# Anyone ever purposely grow plants to feed cichlids?



## Spicoli (Dec 11, 2012)

Hey guys, got some new additions to the tank (kyoga flameback) they're either herbivore or omnivore depending on where you look.

They seem to be enjoying eating the plants in addition to flake. Now i'm thinking since i have a small spare tank, should i grow plants with the intention of adding them for food for the kyoga's in the future?
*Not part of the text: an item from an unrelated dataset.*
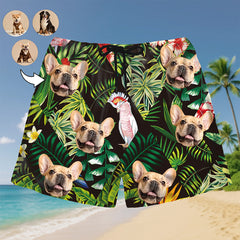 Shorts personalizados con caras divertidas: estilo tropical para la playa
Is this just a crazy idea? I kinda figured if they were eating live plants it might be best for them but i'm not sure. Please feel free to chime in with opinions.


----------



## Fishfur (Mar 4, 2012)

Not sure about cichlids, but plenty of people deliberately grow various plants to feed Koi and goldfish. Many floaters are very popular for this, duckweed and azolla are two that come to mind. Probably as good for your fish as veggies are for us.


----------



## BillD (Jun 5, 2006)

You could, or you could feed them stuff like leaf lettuce or romaine.


----------



## Ryan.Wilton (Dec 12, 2012)

I had a 55gallon that was reserved for hornwort growth at one point. I had like 3 feeder goldfish in the tank and pretty much no swimming space. Just hornwort. I was feeding it to my turtles until my supple dwindled at which point I was moving out so I never redid the set up.


----------



## MDR (Feb 20, 2012)

Go for it, they'll enjoy it. I feed mine HBH flakes, would use fresh veggies but I don't have the time. Just be sure to let me know when they breed as I am looking for some new females for my male.

Cheers


----------



## Riceburner (Mar 14, 2008)

I used to just toss a lettuce leaf in....romaine or leaf....not iceberg


----------